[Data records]
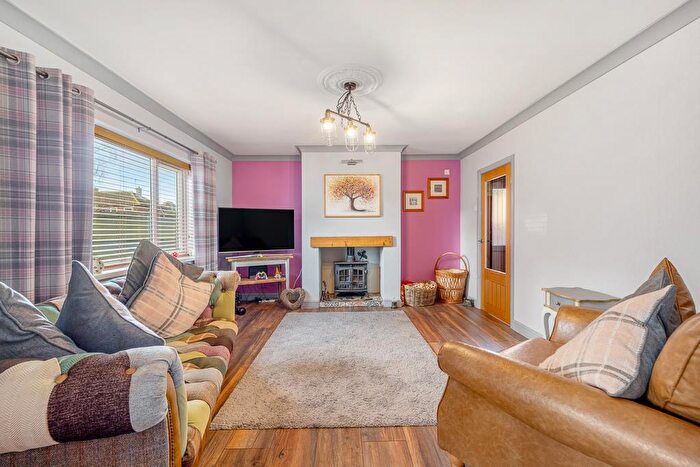 3 Bedroom Semi-Detached House For Sale In West Cobgate, Moulton, PE12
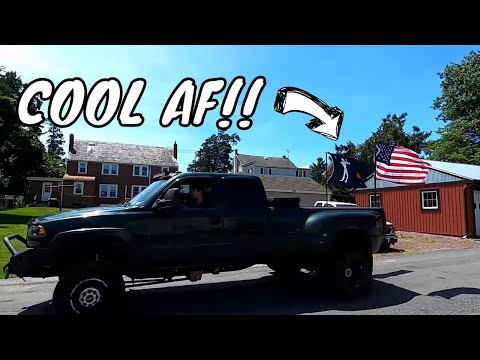 MAKE YOUR TRUCK STAND OUT WITH THESE!  *Rough Country Flag Poles*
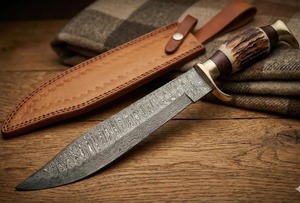 Cuchillo de caza hecho a mano de acero de Damasco con punta curva, mango de asta de ciervo y funda de cuero. - Product Image 2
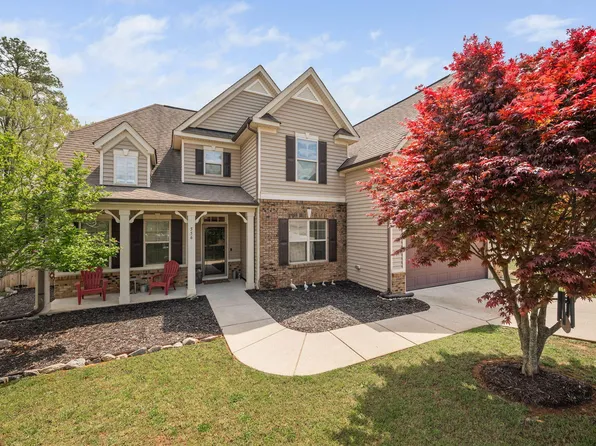 556 Rolling Meadows Dr, Clayton, NC 27527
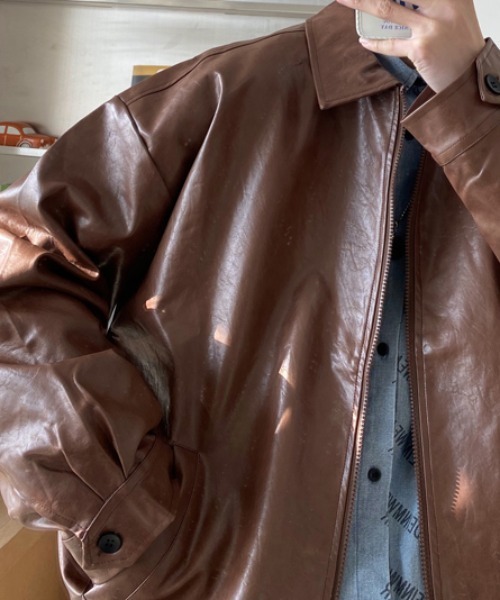 KOR(ケーオーアール)の「オーバーサイズ フェイクレザーブルゾン(ブルゾン・メンズ・ブラウン/ブラック・M/XL/L)」の8枚目の写真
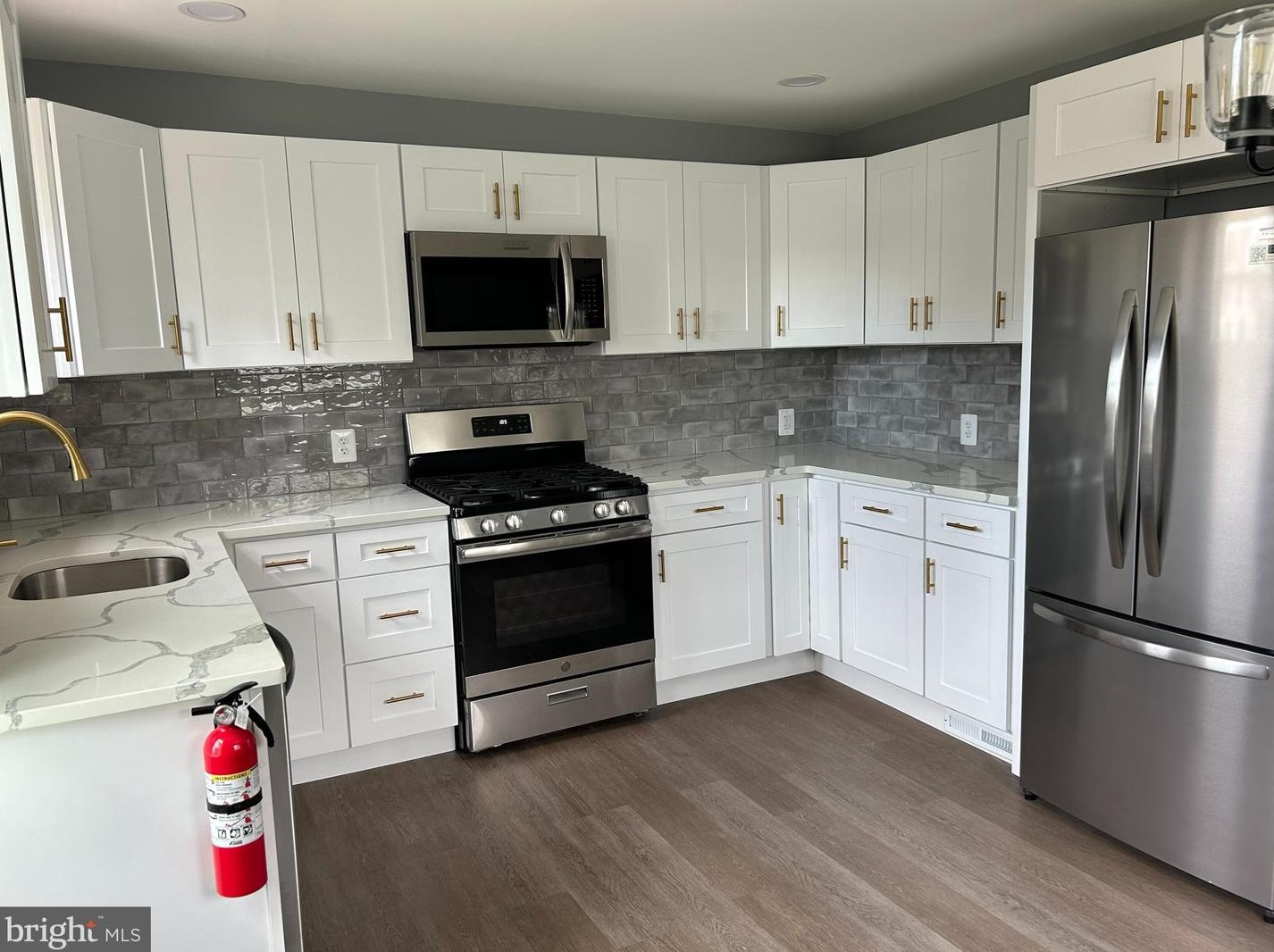 505 Leconey Ave, Palmyra, NJ 08065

-- Work instructions --
Pictures stay out of this copy. Retype exactly the lines from the one with "KOR(ケーオーアール)の「" through the last line of the data, both ends included, and nothing more.

-- Written solution --
 KOR(ケーオーアール)の「オーバーサイズ フェイクレザーブルゾン(ブルゾン・メンズ・ブラウン/ブラック・M/XL/L)」の8枚目の写真
 505 Leconey Ave, Palmyra, NJ 08065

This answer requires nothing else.